So what would bother you more? The serial cheater having unemotional sex with multiple partners, or the cheater who truly believed they were in love with AP? Looking at it from my own POV vs what I know my sister felt, I think her ex was worse. She was angry but also very hurt when she found out about his affair. Quite honestly, I don't feel hurt at all - just furiously angry at the betrayal and totally disgusted by the immorality of his behavior. Which strikes me as odd because prior to the breakup of either marriage, I would have thought mine was better than hers. It seems like I should be sorry to lose him but honestly all I can think is the sooner he is out of my life the better. I certainly can't imagine ever letting him touch me again knowing he's been screwing prostitutes. Honestly I think I would be less upset if he had fallen in love with another woman at least that's an "excuse" for cheating even if it's not valid. Soliciting hookers or really any sex without an emotional bond is just plain inexcusable IMHO.


----------



## GusPolinski (Jan 21, 2014)

To be clear, you're talking about a wayward engaging in a series of NSA PAs (one or more of which may have been ONS's) vs a single _EA/*PA*_?

TBH, either would prompt me to file for divorce.
_Posted via Mobile Device_


----------



## *Deidre* (Feb 7, 2016)

Serial one night stand type cheaters strike me as having an addiction, of sorts. They are unhappy with themselves, and they seek risk, danger, instant gratification and an escape from what is troubling them. Whereas I might take an emotional affair more personally, even though both types of cheaters still make a CHOICE to cheat, just in different styles.


----------



## ConanHub (Aug 9, 2013)

Lets see....

Eat a pile of dog poop or a pile of cat crap.

I'm not eating at that restaurant.
_Posted via Mobile Device_


----------



## tech-novelist (May 15, 2014)

The main difference I see is that the multiple encounters are more likely to result in an STD.

Otherwise, I don't see much difference; they're both terminal to the marriage.


----------



## Evinrude58 (Jun 16, 2014)

Both too disturbing to think about.
Your husband is just a messed up, conscienceless addict. Her husband is a serial cheater that will never have a loving relationship.
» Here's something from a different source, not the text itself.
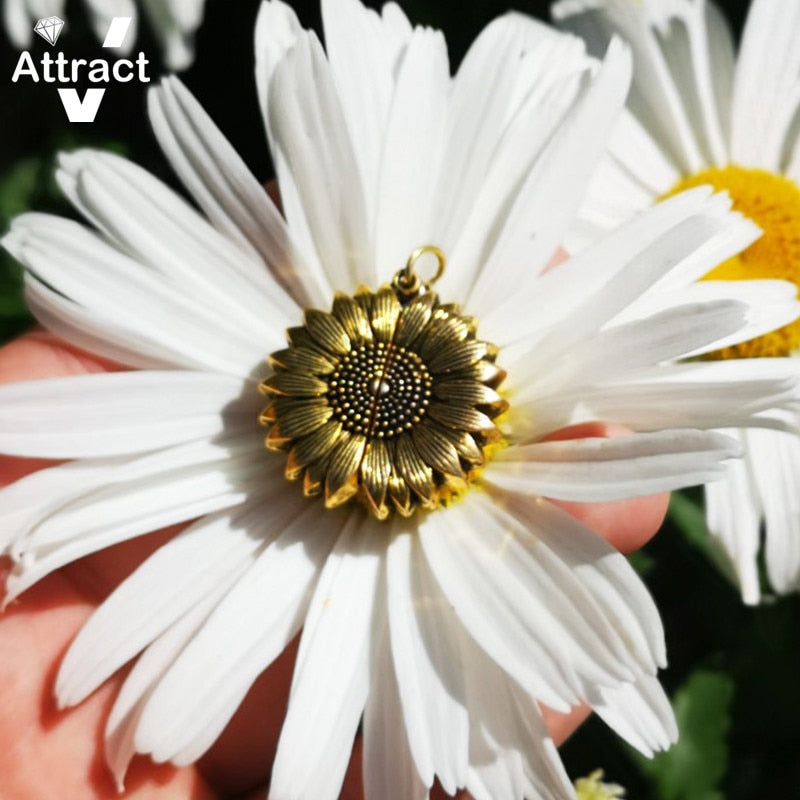 "YOU ARE MY SUNSHINE" sunflower necklace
Both of them are their own worst enemies. Good that they're on their way or already out of your lives.
_Posted via Mobile Device_


----------



## weltschmerz (Feb 18, 2016)

Broken-hearts and failed marriages don't kill you.

STDs do.


----------



## arbitrator (Feb 13, 2012)

*No matter how nicely that you may slice the pie, the one common denominator here is "betrayal!"

Isn't this bad enough on it's own merits?
*
_Posted via Mobile Device_


----------



## Acoa (Sep 21, 2012)

Which is worse? Death by knife or gun? 

Answer - doesn't matter if you wanted to live. 


Sent from my iPhone using Tapatalk


----------



## theworkwidow (Feb 24, 2016)

I guess my main reason for asking is that my sister made a comment to me when I told her I found out he was cheating, that at least my H hadn't betrayed me emotionally by falling in love with someone else. I feel exactly the opposite - I could have accepted him falling in love with someone else easier than him debasing himself with hookers. Cheating is always wrong but at least you can make a case that love gives it "legitimacy". I suppose the hookers are just a part of his becoming an addict though. Alcohol, gambling, and porn sex. Never could have foreseen my sweet college professor of 20 years ago going down this particular path.


----------



## MattMatt (May 19, 2012)

ConanHub said:


> Lets see....
> 
> Eat a pile of dog poop or a pile of cat crap.
> 
> ...


The Coprocabana is a restaurant that caters for special tastes. 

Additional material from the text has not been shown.